Revisiting a classic Amy Winehouse interview from 2007

Amy Winehouse on the cover of NOW Magazine in 2007
Amy Winehouse on the cover of NOW Magazine in 2007.

It’s been a decade since Amy Winehouse died, and her legacy – along with the tragic circumstances of her untimely death at the age of 27 – continues to be re-examined.

The talented British soul singer was found dead on July 23, 2011, succumbing to alcohol poisoning. Since then, her mix of throwback pin-up style and incredible voice has becoming the stuff of legend.

At the time she graced NOW’s cover, it was more the stuff of music press buzz and hype. Music writer Tim Perlich caught up with her in Austin, Texas at SXSW, which was then still a make-it-or-break-it showcase for an artist on the rise like Winehouse. She had a serious aura around her, and you can feel it coming through the words of the profile – a classic NOW “get ’em as they explode” music cover.

Like everything Winehouse, the interview has some tragic retrospective undertones.
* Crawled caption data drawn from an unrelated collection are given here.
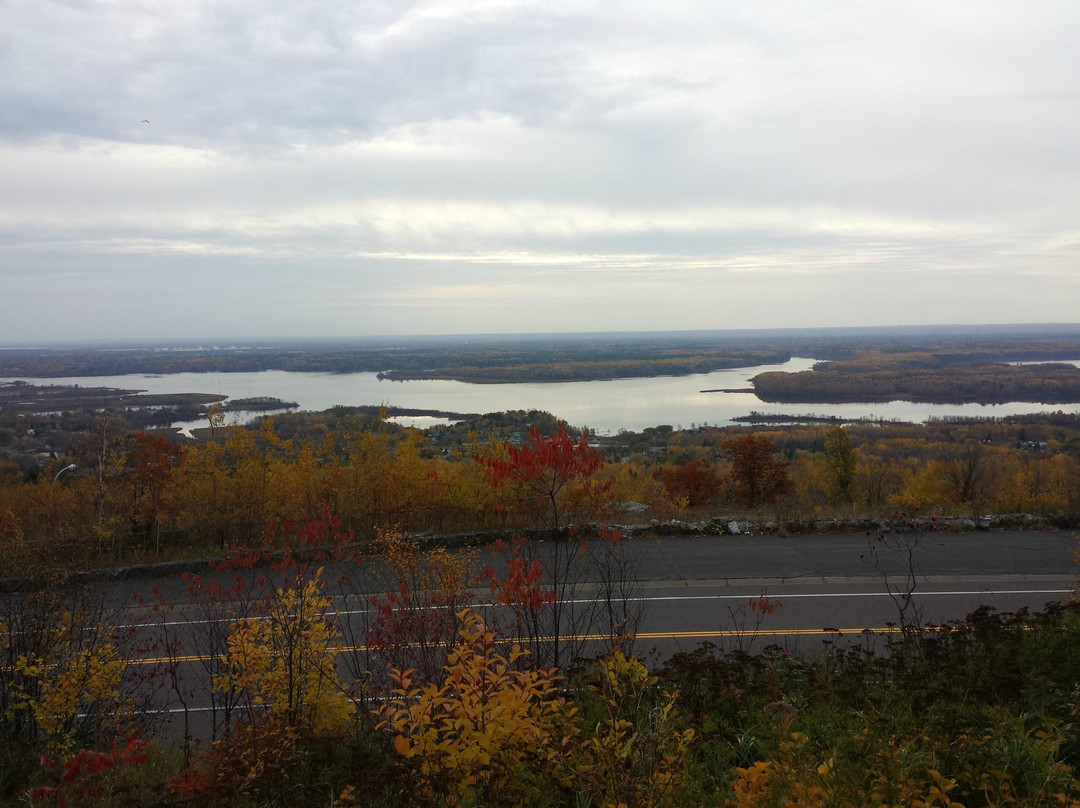 Thompson Hill Information Center-德卢斯必去景点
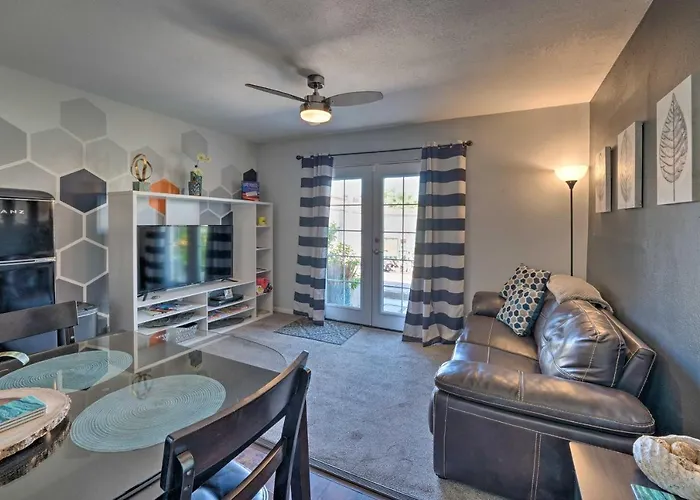 4 Mi To Beach: Lake Havasu Apartment W/ Pool!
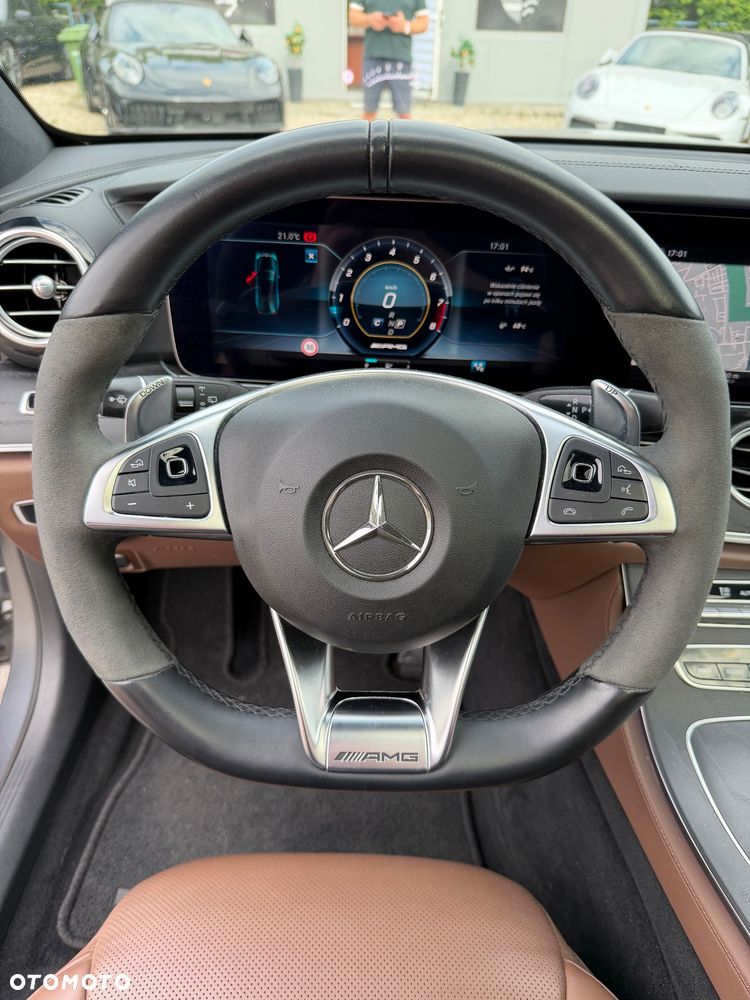 Mercedes-Benz Klasa E - 19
She talks about her reluctance to go to rehab, infamously captured in her hit song Rehab, and insists that she isn’t an alcoholic. That topic that causes her “hairy-palmed handlers” to lean forward, which reads a bit differently after the 2015 Netflix documentary Amy suggested she was surrounded by enablers. There’s also plenty to read between the lines of her all-positive quotes about producer and collaborator Mark Ronson, who she later accused of taking credit for her success.
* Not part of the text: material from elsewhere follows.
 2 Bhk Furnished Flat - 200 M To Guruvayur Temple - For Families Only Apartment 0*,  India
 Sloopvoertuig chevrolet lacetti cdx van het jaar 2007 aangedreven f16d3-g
Ultimately, it’s a look at an undeniably talented artist at the height of her powers. And that’s the best way to remember her. So blast Back To Black and revisit that cover story.
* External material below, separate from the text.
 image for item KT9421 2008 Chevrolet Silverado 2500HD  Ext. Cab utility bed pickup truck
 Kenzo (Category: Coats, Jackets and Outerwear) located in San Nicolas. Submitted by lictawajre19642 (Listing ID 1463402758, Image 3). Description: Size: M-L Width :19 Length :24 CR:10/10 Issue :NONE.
Below is Tim Perlich’s cover story, Amy Winehouse: All Hail Britain’s New Queen Of Soul, republished from NOW’s May 10, 2007 issue.

The cover feature spread of NOW Magazine's Amy Winehouse

Austin — Two head-spinning days into South By Southwest 2007, the mutha of music showcase summits, and it’s already clear that the buzz is all about Amy Winehouse.

For the first time in the controversy-starting British bad girl’s brief career, Winehouse’s name and pictures are splashed all over the papers and clogging blogs not because of some drunk-and-disorderly dust-up, giving the gasface to U2 or a rumoured blowout with her media-made rival, Lily Allen.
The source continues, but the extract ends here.